Please transcribe exactly the line that holds "Boxer with red gloves in dark room" and all lines that follow it to the end of the records below, omitting any pictures.

*** Opening of ENTRIES PROVIDED ***

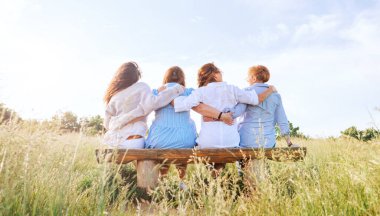 Açık hava yürüyüşü sırasında çayır bankında otururken kucaklaşmak, hafif yaz kıyafetleri giymiş dört gülümseyen kadın için zararlı. Kadınların dostluğu, ilişkileri ve mutluluk konsepti imajı.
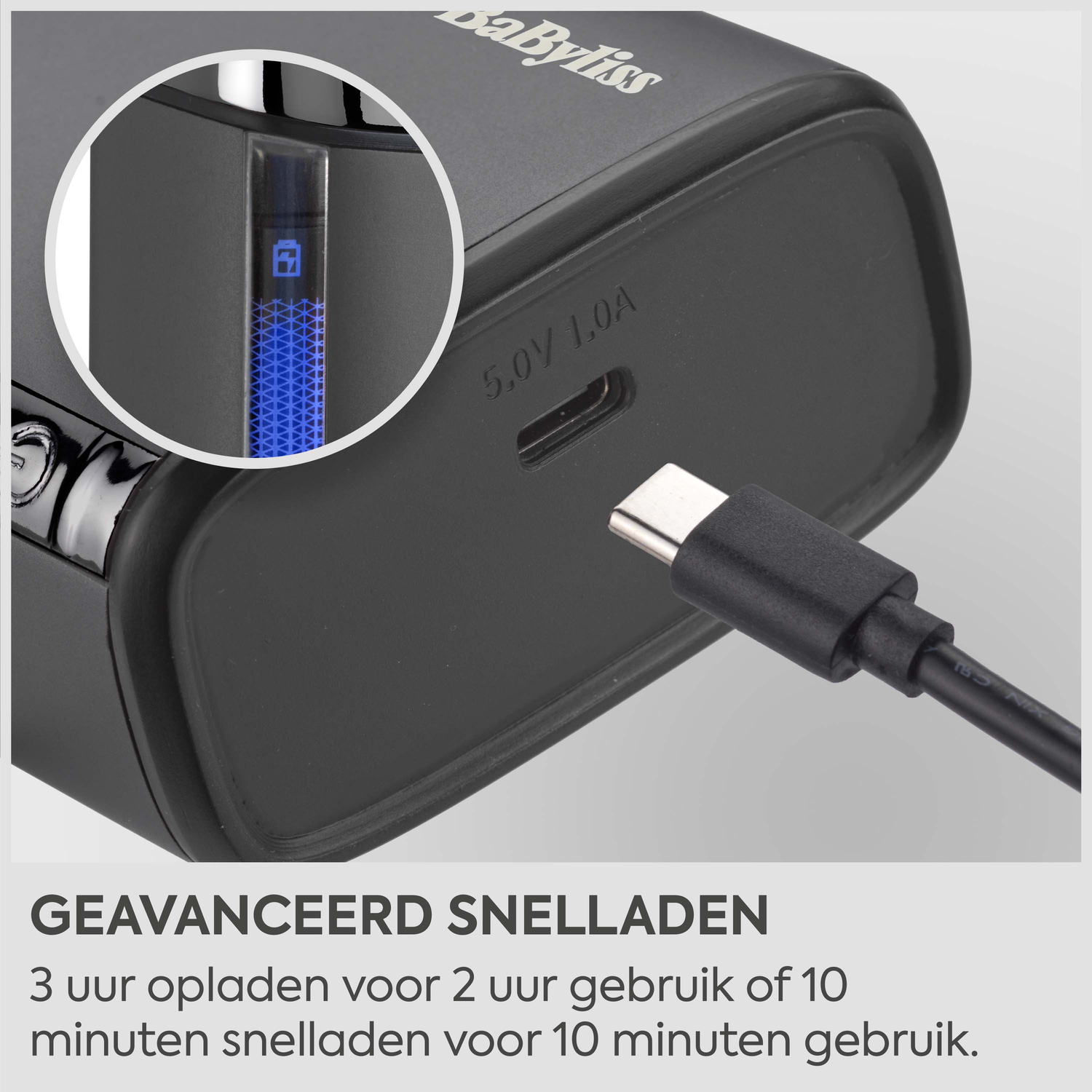 Black charger with USB-C port and charge indicator. A cable is connected.
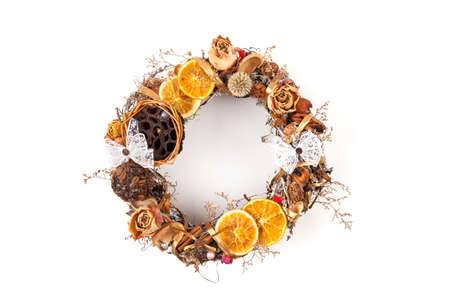 decorative wreath from a vine with dry plantsの写真素材
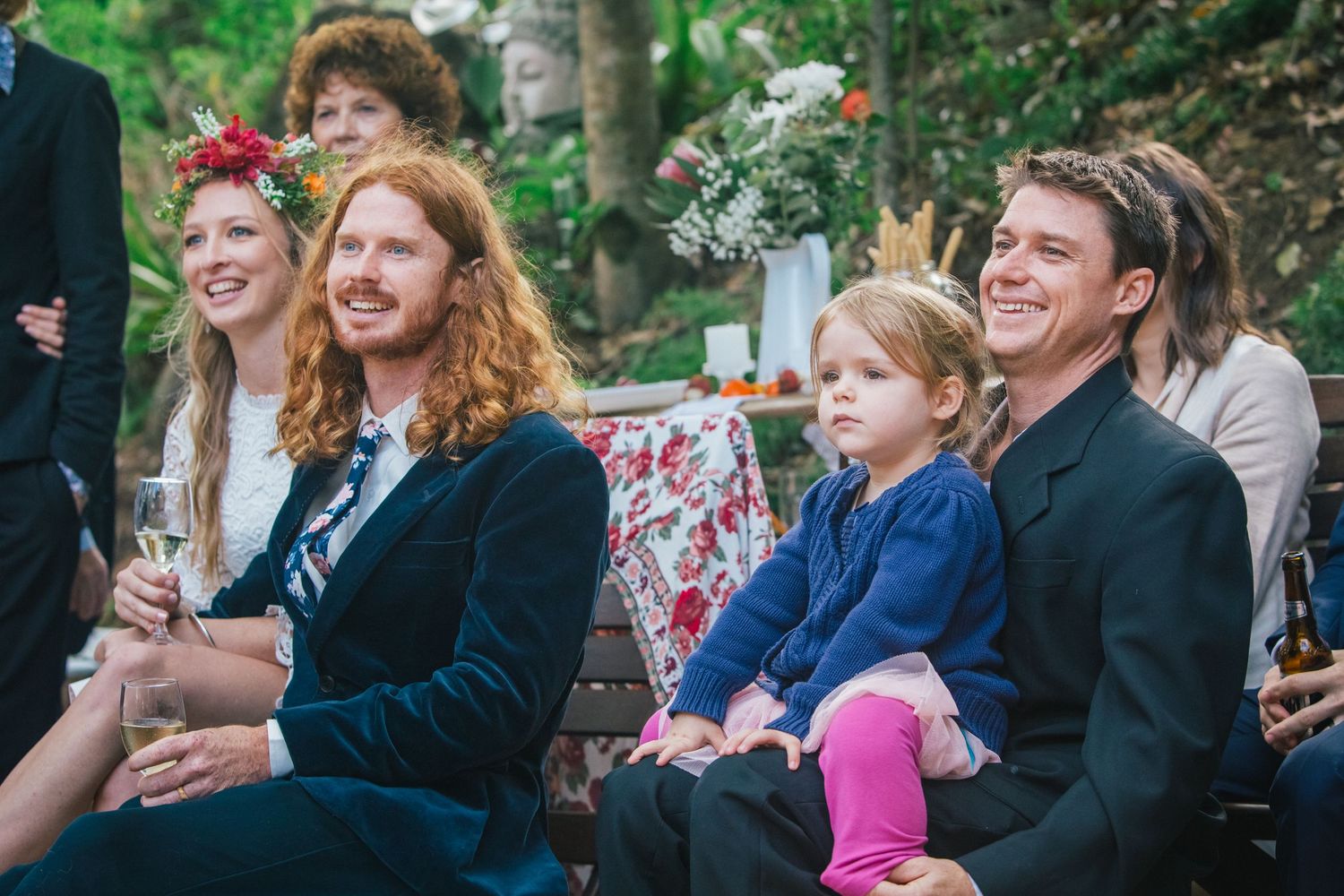 Joyful celebration scene with guests laughing and socializing outdoors.DIY wedding Gold Coast elopement photographer Gold Coast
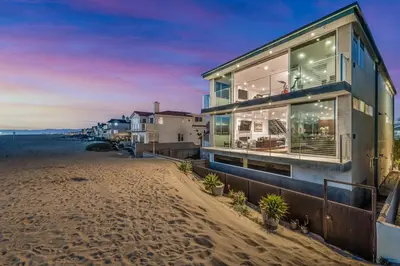 a house on the beach with the ocean at Modern Ocean Front Beach Home- 3 king beds 3 bedroom in Oxnard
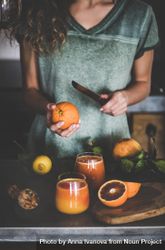 Woman holding knife with freshly squeezed blood orange juice bGEna5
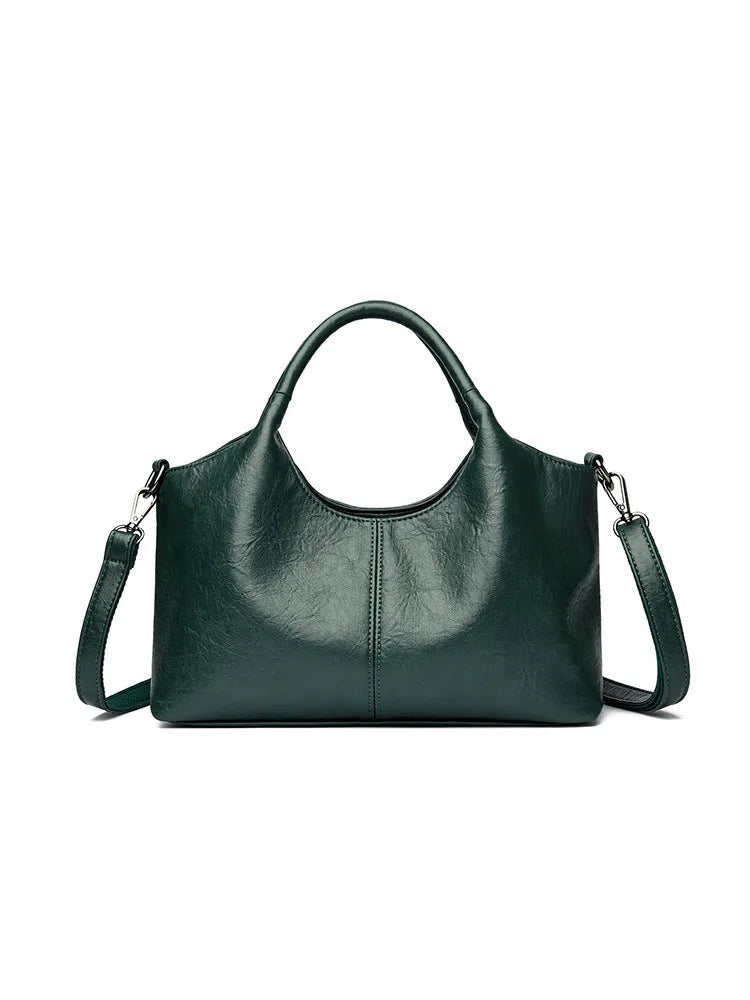 Genuine leather women's cross-body bag in a choice of seven colours including black, brown, and wine red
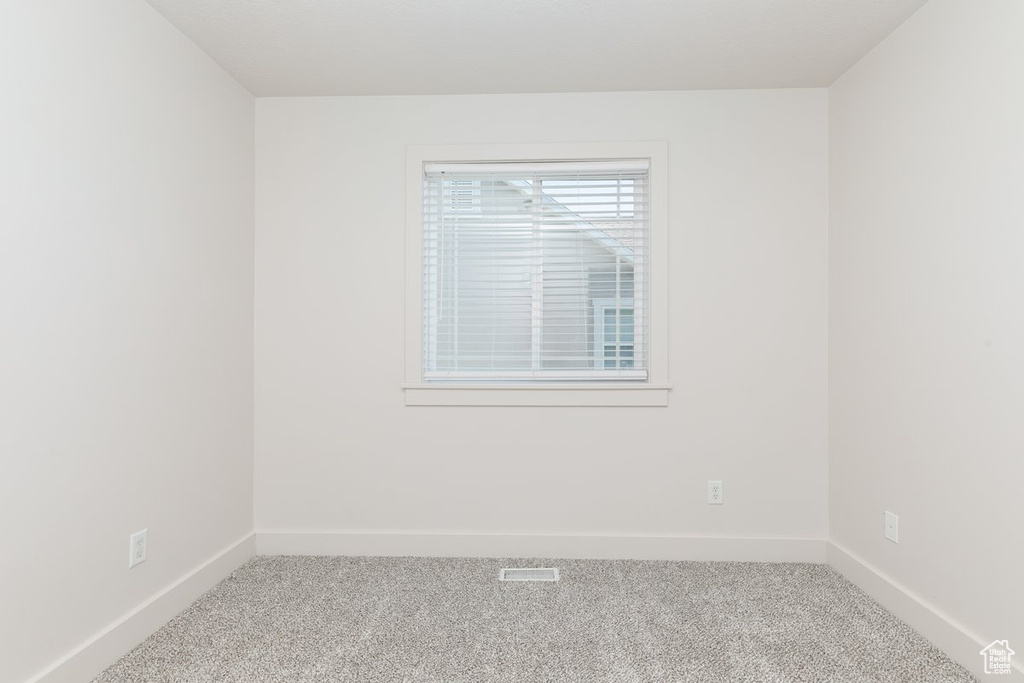 Carpeted empty room with baseboards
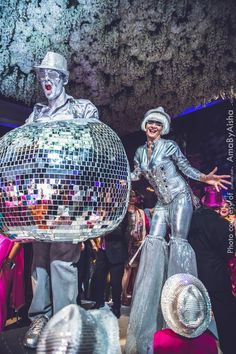 two people dressed in silver dancing around a disco ball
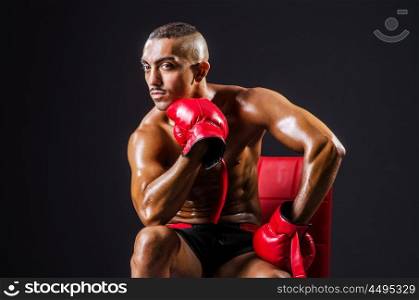Boxer with red gloves in dark room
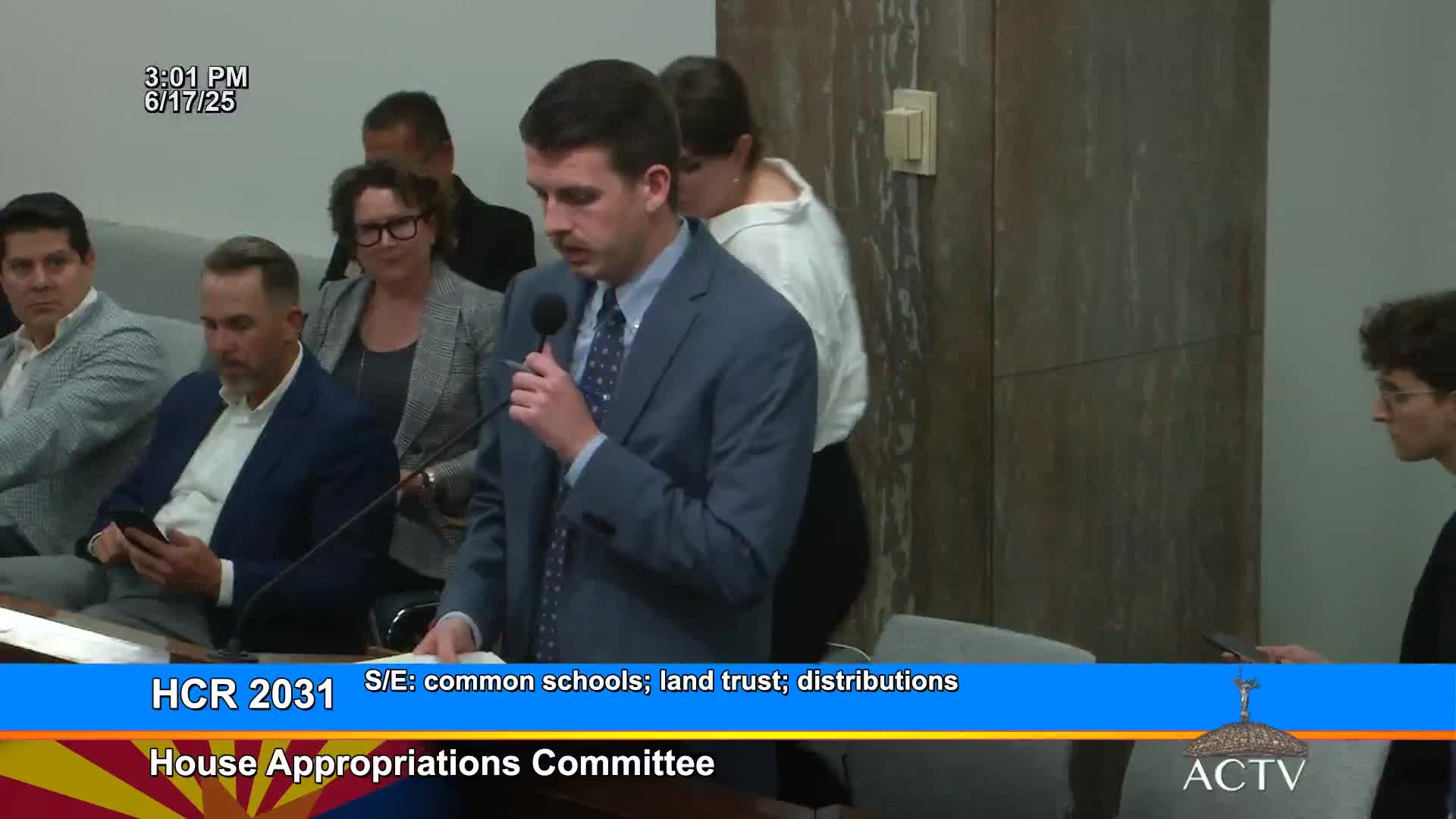 Appropriations committee advances competing measures to lock Prop 123 distribution and direct funds to teacher pay; educators warn of exclusions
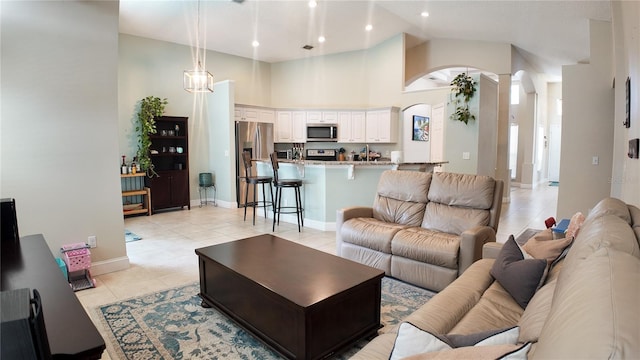 2343 Walnut Heights Rd, Apopka, FL 32703 - living area featuring arched walkways, light tile patterned floors, high vaulted ceiling, baseboards, and recessed lighting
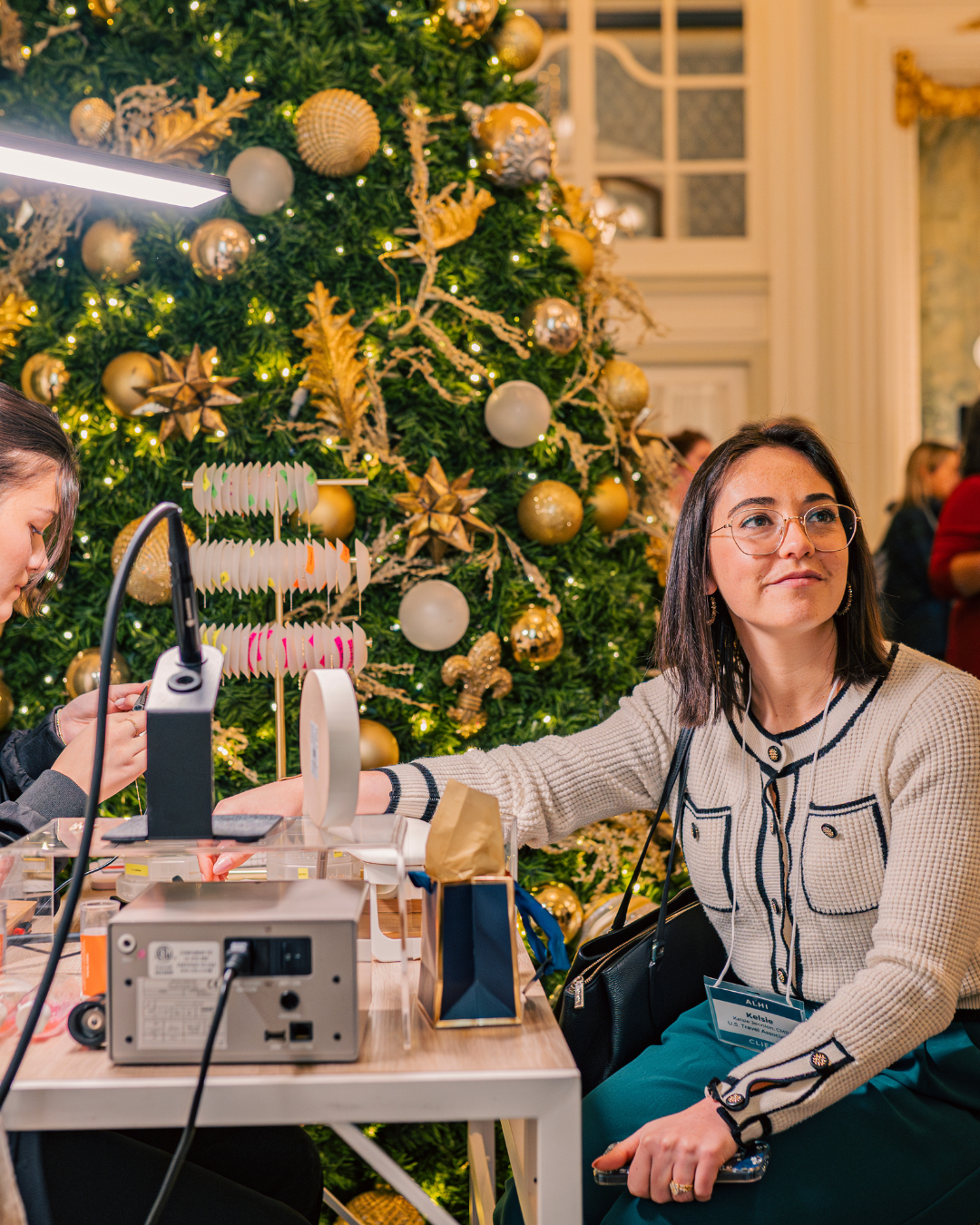 Woman getting permanent jewelry welded in front of a Christmas Tree.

*** Close of ENTRIES PROVIDED ***

▶ **THE COMPLETED TASK**:
Boxer with red gloves in dark room
 Appropriations committee advances competing measures to lock Prop 123 distribution and direct funds to teacher pay; educators warn of exclusions
 2343 Walnut Heights Rd, Apopka, FL 32703 - living area featuring arched walkways, light tile patterned floors, high vaulted ceiling, baseboards, and recessed lighting
 Woman getting permanent jewelry welded in front of a Christmas Tree.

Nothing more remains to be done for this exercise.